##### GIVEN DATA
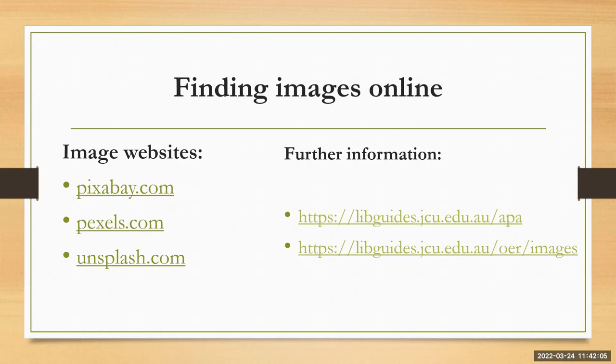The websites I've listed on the left hand side - Pixabay, Pexels and Unsplash - are examples of these kinds of websites. They often say that the attribution of the image is not required as they have already made agreements with the content creators about how their images will be shared. However, because we use APA style, we must attribute the author both in text and in the reference list.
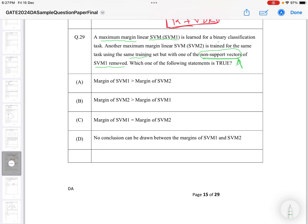Even if you remove the non-support vector, the ultimate effect on the margin comes from the support vectors only. So removing a non-support vector has no effect on the margin. Therefore, the correct answer is: the margin of SVM1 is equal to the margin of SVM2.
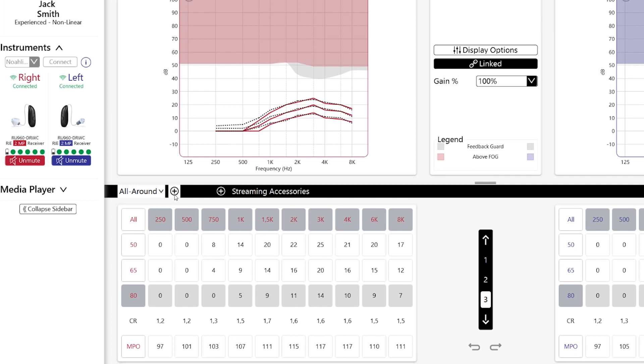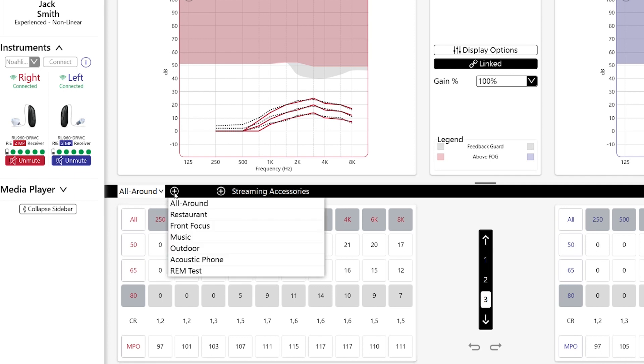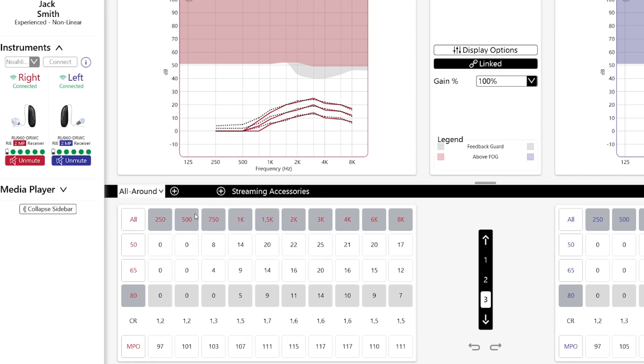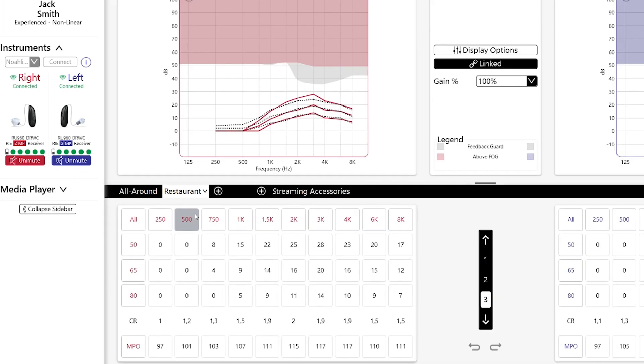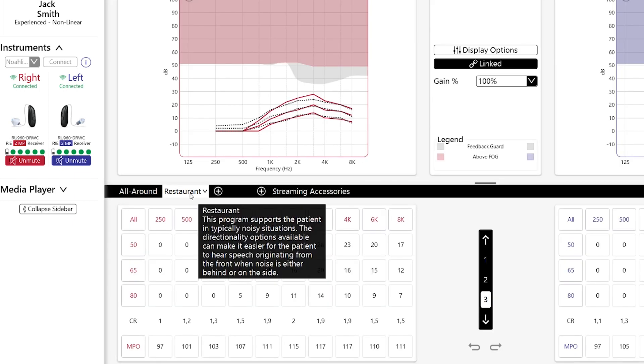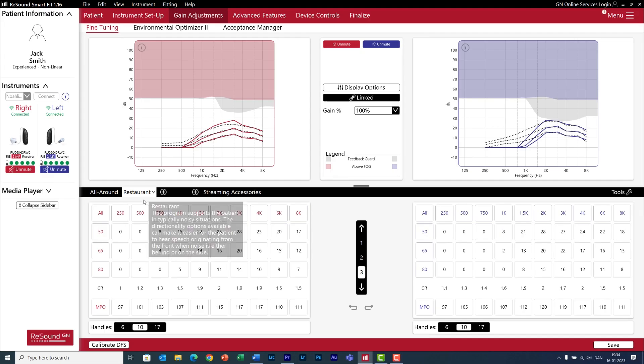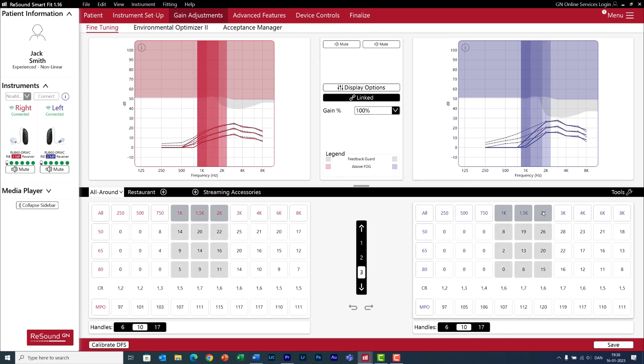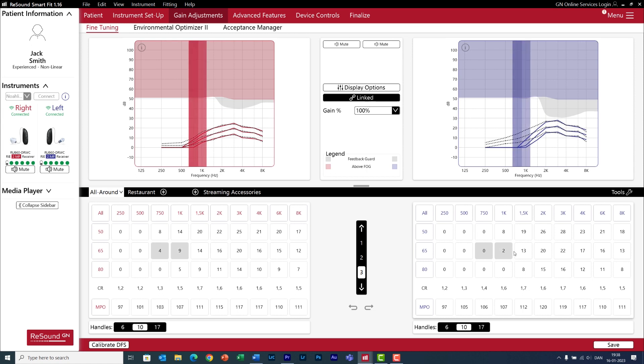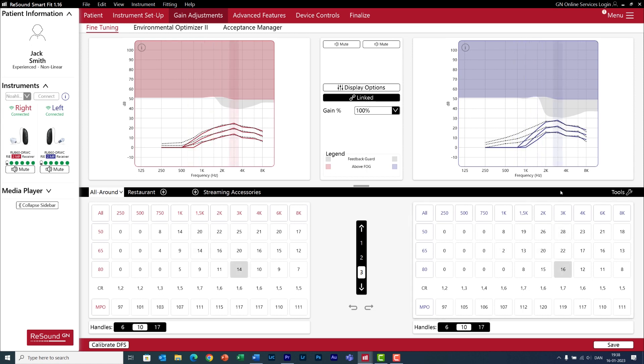Right now, I only have one program. But if you want to add more, I can click on this plus icon and select any of these predefined programs. Now, at this point, I will unmute the hearing aids and let my client hear with the hearing aids for the first time. And then I would do fine-tuning if necessary. And I will also make sure that feedback doesn't happen.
##########
**TRY IT:** Without including any picture, set down every line above exactly as it stands.

**RESPONSE TO THIS TASK:**
The websites I've listed on the left hand side - Pixabay, Pexels and Unsplash - are examples of these kinds of websites. They often say that the attribution of the image is not required as they have already made agreements with the content creators about how their images will be shared. However, because we use APA style, we must attribute the author both in text and in the reference list.
Even if you remove the non-support vector, the ultimate effect on the margin comes from the support vectors only. So removing a non-support vector has no effect on the margin. Therefore, the correct answer is: the margin of SVM1 is equal to the margin of SVM2.
Right now, I only have one program. But if you want to add more, I can click on this plus icon and select any of these predefined programs. Now, at this point, I will unmute the hearing aids and let my client hear with the hearing aids for the first time. And then I would do fine-tuning if necessary. And I will also make sure that feedback doesn't happen.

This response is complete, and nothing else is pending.